How to delete Cassandra snapshots which are older than 1 month - cassandra

All Cassandra snapshots can be deleted with
nodetool -h localhost -p 7199 clearsnapshot
and there is another to delete one specific snapshot.
nodetool clearsnapshot -t snapshot_name
However, I would like to delete all snapshots which are created 1 month ago. Is there any way to do this?

If you have not specified a name for the snapshot, the engine will assign by default as name the timestamp, this will be the number of ms from Epoch. One way to achieve this is to calculate what was the epoch time 30 days ago (one month), and any snapshot id that is lower than that number is older than the threshold that you specified.
Another way to do this is to customize the name of the snapshot (-t) with the date in a human-readable format, which will make it easier to choose the snapshots to delete.

Related

Table in Cassandra

how would you tell if a table in Cassandra is active or not?
I have done some research and from what I see, it looks like you can only tell if a table is present or not in Cassandra.
But is there a way to tell if the table is active in Cassandra?
Alex is spot-on.
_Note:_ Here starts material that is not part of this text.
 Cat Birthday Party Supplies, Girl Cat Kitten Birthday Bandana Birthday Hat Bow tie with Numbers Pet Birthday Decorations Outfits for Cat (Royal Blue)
Most enterprises use something like Prometheus or Grafana to visualize JMX metrics, and track reads or writes per second. That's an easy way to see if the table is active.
Otherwise, you can always run nodetool tablestats keyspace.table. In the last 10 lines or so of the output, look for:
Average live cells per slice (last five minutes):
Maximum live cells per slice (last five minutes):
If you have any current read activity, these will be something other than zero or NaN (not a number).
For example, you can query different table-level metrics via JMX to see if specific table is used or not. You will need to detect changes between observations, maybe based on LiveDiskSpaceUsed metric, or something like that.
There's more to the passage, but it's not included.